I have my meats sorted out, how about that potato scone? As opposed to a crumbly biscuit block one might get at Stardunkin or DunkinBuck's, the Scottish Tattie is more of a griddle cake or even a tortilla. It's flat, round and cooked on a hot skillet. I used a recipe from the book, Classic Recipes from Scotland, by Tom Bridge, and his version he adds some cheddar. I made them as I would a corn tortilla, I portioned them then pressed them with a plate. Here's Bridge's ingredient list:
450g/1lb mashed potato, still hot
50g/2oz / 4T butter
100g/4oz A P flour
50g/2oz Cheddar cheese grated
combine ingredients, mix well. Divide into eight balls. Place a ball between pieces of plastic and flatten with a plate or pan. cook on hot oiled griddle.

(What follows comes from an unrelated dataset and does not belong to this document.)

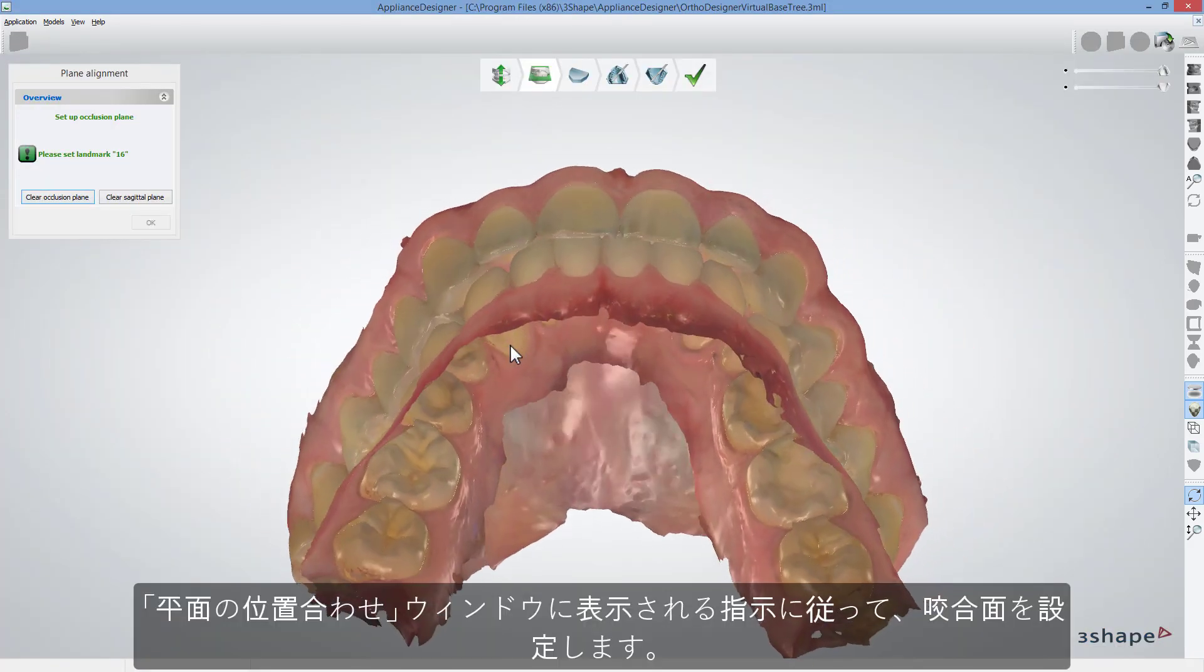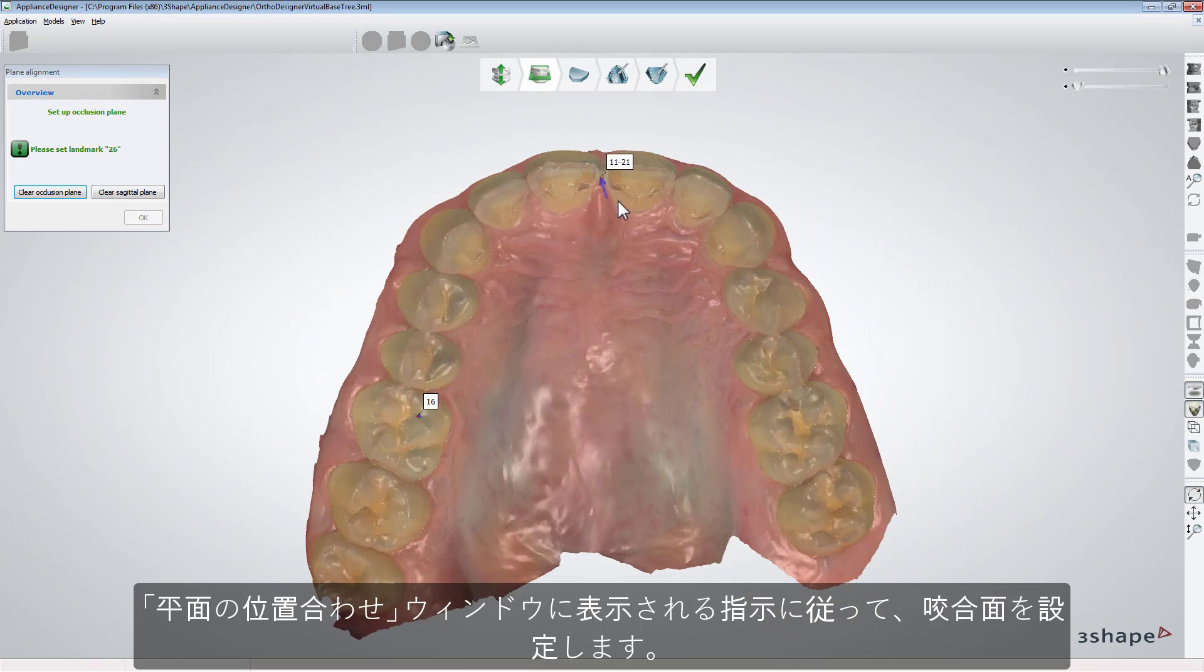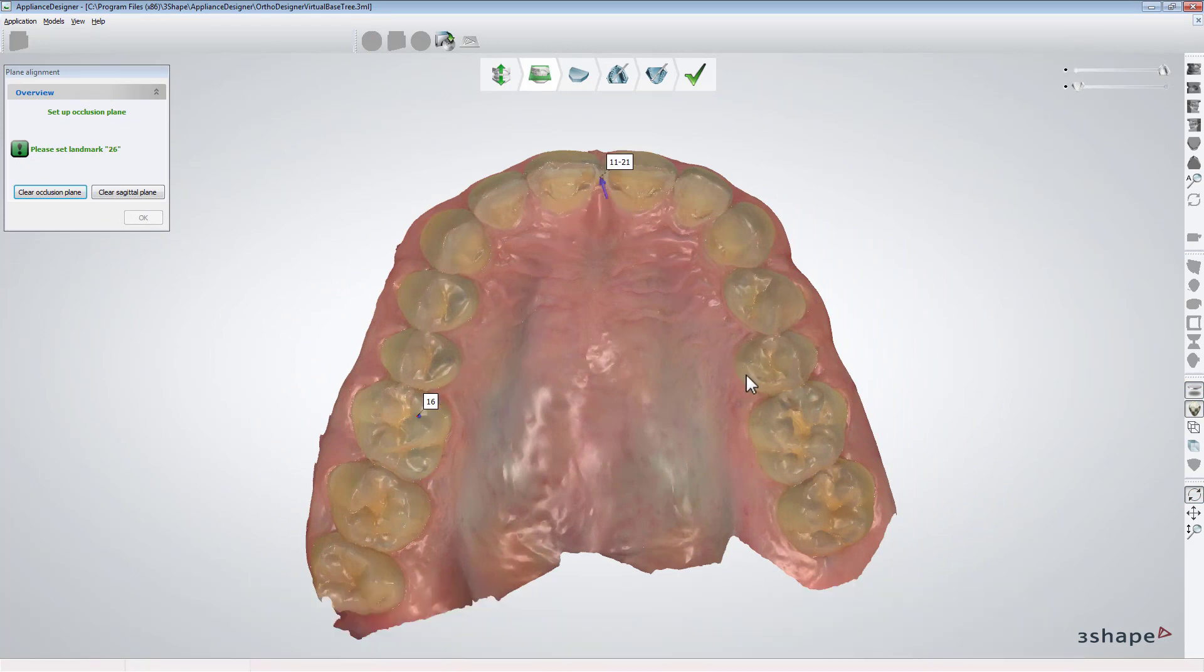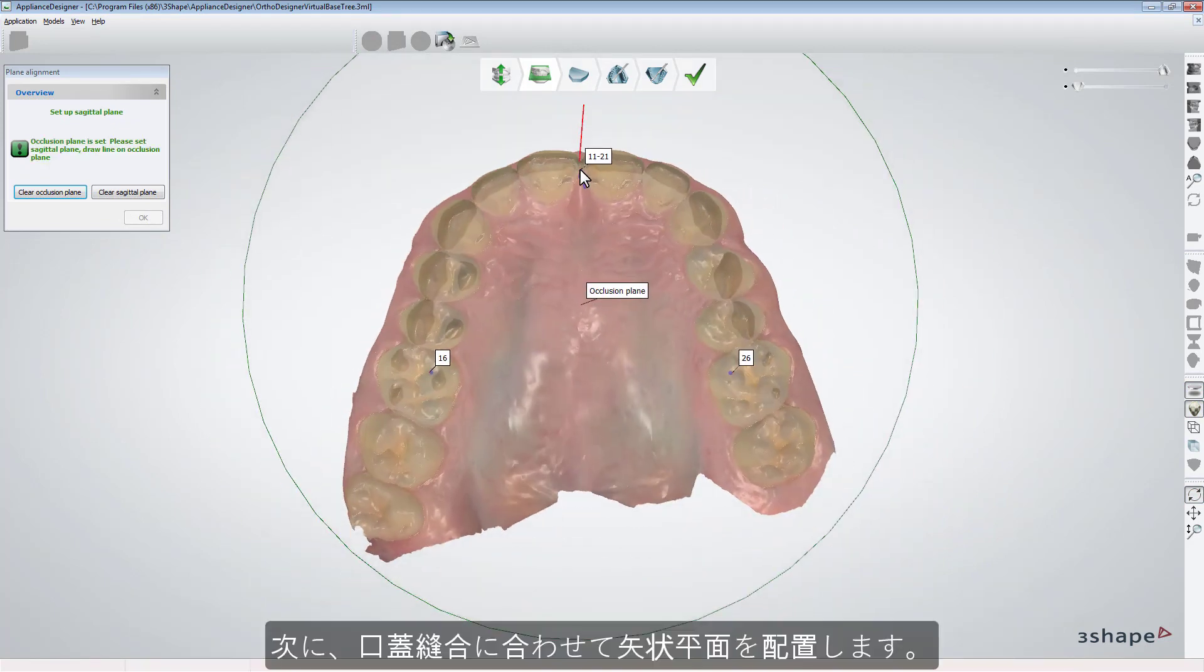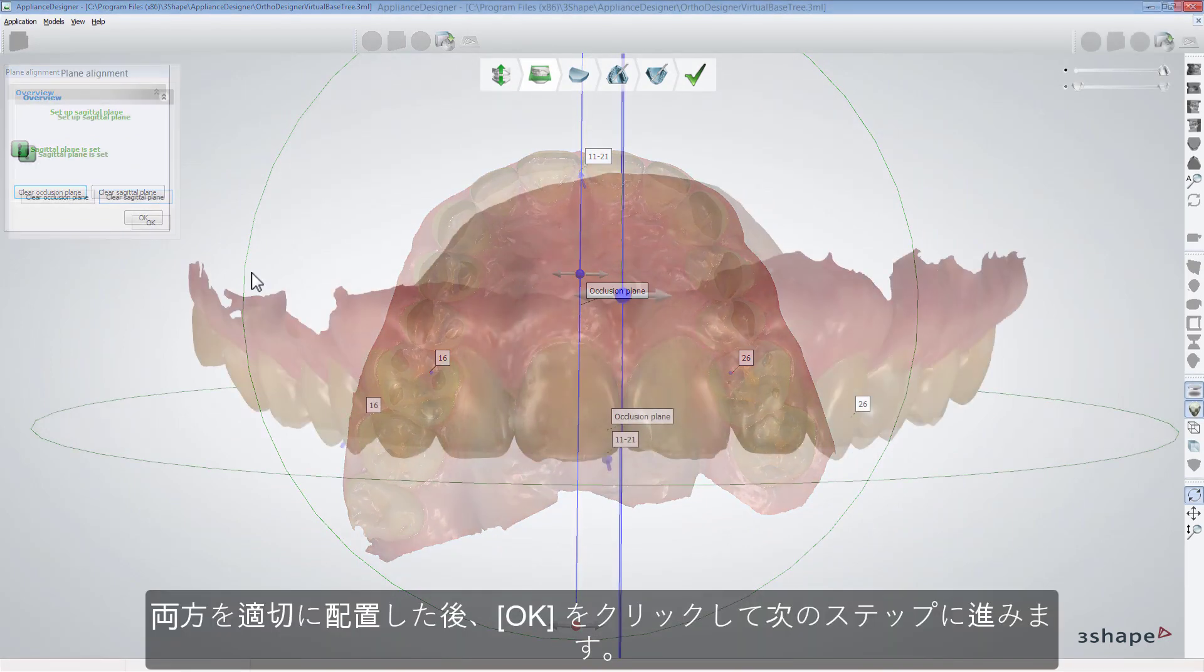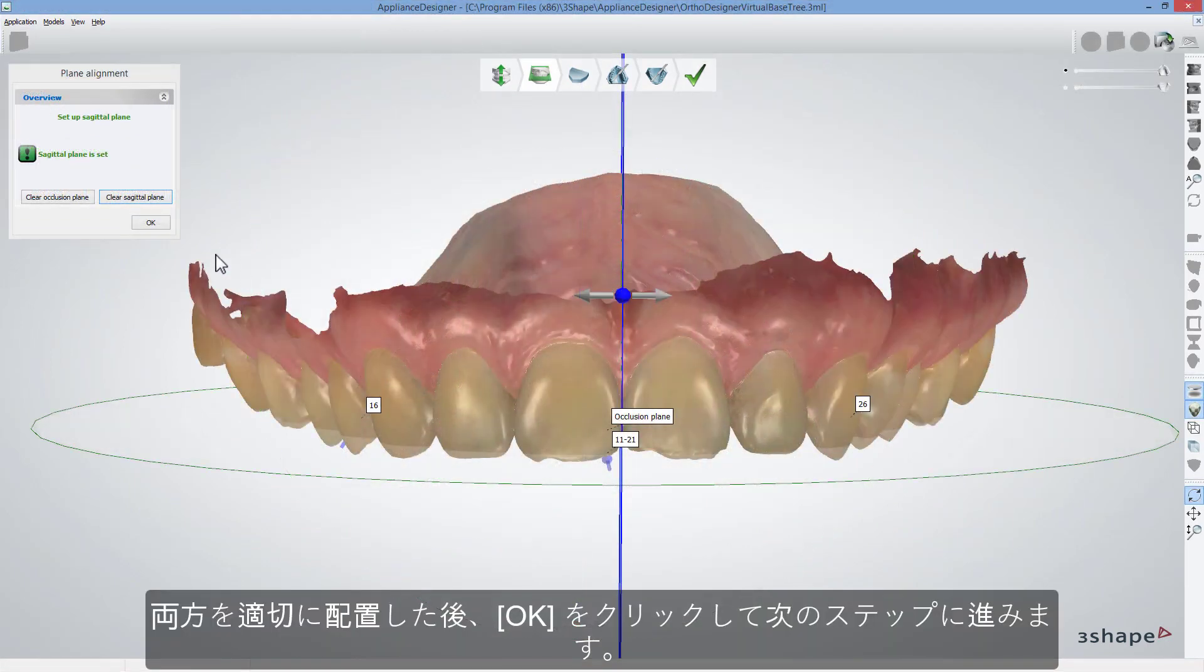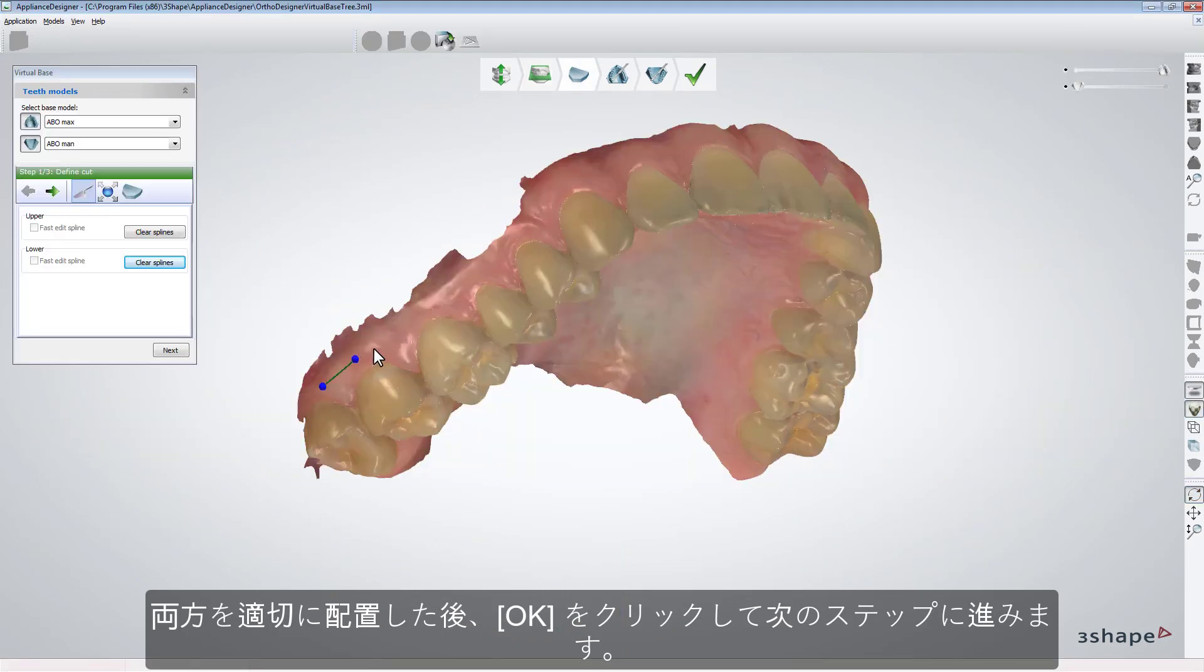Start with setting the occlusal plane following the guidance in the plane alignment window. Then set the sagittal plane along the median palatine suture. Having both of them set correctly, click OK to get to the next step.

Here's what I did for the Lorne Sausage
225g/8oz Beef chuck
225g/8oz Pork Shoulder
5g Black Pepper
1g Mace (I like this instead of nutmeg, but use either)
2g Mustard seed (I like this as an emulsifier)
5g Milk powder (Helps retain moisture)
60g/2oz Rolled oats
I diced the meats, and processed the salt and spices in a spice mill then mixed them together along with the milk powder. The mixture rested in the fridge for an hour. I minced the mixture with a meat grinder fitted with a large die. I pulsed the oats in a cuisinart then folded them into the minced meat. I kneaded the mixutre adding a little cold water until it came together. I lined a small loaf pan plastic and pressed in the sausage. I let it sit in the freezer for an hour, then I took the mostly frozen loaf and cut 3/8 slices. Fried in pan.
I got about 16 or so slices out of my loaf and I guess you just keep them in the freezer until you are ready to fry.
Bonne Femme made a sammie with her Lorne, everybody loved their Full Scottish Breakast. Now if we only had a bit of Broon sauce.
(P.S. for those readers who know my Secret Code Name, please don't be confused, the Andrew referred to above writes the blog Slim Pickins'Pork. What a coincidence huh? Anyway, Andrew gets a few days grace since his weekend was booked with trip to Jungle Jim's, but it's never too late.)